Zweifel am "Synodalen Weg"
Foto: Danny Lawson (PA Wire) | Die Hirten müssten den fliehenden Menschen nachzulaufen, „nicht um sie auf Irrwegen zu bestätigen, sondern um sie zur Umkehr und Rückkehr zu bewegen“, so Erzbischof Ender.

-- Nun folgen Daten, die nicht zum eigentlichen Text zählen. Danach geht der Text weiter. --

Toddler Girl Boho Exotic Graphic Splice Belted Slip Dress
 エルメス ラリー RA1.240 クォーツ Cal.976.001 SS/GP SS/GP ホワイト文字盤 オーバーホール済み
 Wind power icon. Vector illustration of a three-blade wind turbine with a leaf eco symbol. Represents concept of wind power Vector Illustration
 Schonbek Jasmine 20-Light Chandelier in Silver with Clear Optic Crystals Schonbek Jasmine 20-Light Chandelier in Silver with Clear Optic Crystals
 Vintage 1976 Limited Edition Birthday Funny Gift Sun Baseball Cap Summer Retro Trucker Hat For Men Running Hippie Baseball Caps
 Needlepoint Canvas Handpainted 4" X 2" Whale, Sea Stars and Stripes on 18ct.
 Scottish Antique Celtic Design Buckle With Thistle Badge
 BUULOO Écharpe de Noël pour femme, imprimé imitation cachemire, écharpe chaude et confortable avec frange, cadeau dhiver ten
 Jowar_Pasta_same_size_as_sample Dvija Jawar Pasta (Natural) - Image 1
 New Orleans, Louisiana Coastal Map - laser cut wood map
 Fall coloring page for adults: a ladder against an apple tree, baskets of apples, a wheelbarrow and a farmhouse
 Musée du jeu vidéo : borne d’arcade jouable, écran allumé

Der emeritierte Apostolische Nuntius Erwin Josef Ender äußert deutliche Bedenken zum „Synodalen Weg“. Nach der Lektüre der Entwürfe für die vier Foren des bevorstehenden kirchlichen Reformprozesses  sei er „erschrocken, auf welchem Niveau sich die heutige Diskussion bewegt“, schreibt der Erzbischof in einem Gastbeitrag für die „Tagespost“. „Schrift und Tradition scheinen von der sogenannten ,modernen' Theologie und den Humanwissenschaften weitgehend verdrängt und durch diese ersetzt zu werden.“

"Umbruch" wie zur Zeit der Reformation

Wenn man manchen Meldungen in den Medien glauben schenke, so Ender, der von 2003 bis 2007 Apostolischer Nuntius in Deutschland war, stehe ein „Umbruch“ wie zur Zeit der Reformation bevor. Man wolle die Kirche neu erfinden. Der Entwurf für das Forum zur Sexualität erinnere ihn an den Ausspruch eines hohen Vertreters des Zentralkomitees der deutschen Katholiken (ZdK). Sinngemäß habe dieser gesagt: „Rom solle für einige Zeit mal schweigen; wir werden dann schon eine akzeptable Sexualmoral zustande bringen.“

Mit Verwunderung stelle er fest, dass in der angeregten Diskussion um den „Synodalen Weg“ kaum jemand auch mal eine andere Erklärung für die Entfremdung zwischen dem heutigen Menschen und der Kirche ins Gespräch bringt: „Dass nämlich nicht Gott und die Kirche sich vom Menschen entfernt haben, sondern umgekehrt sich die Menschen von Gott und der Kirche entfernt haben und sich weiter entfremden.“ Immer mehr Menschen würden leben, als wenn es Gott nicht gäbe.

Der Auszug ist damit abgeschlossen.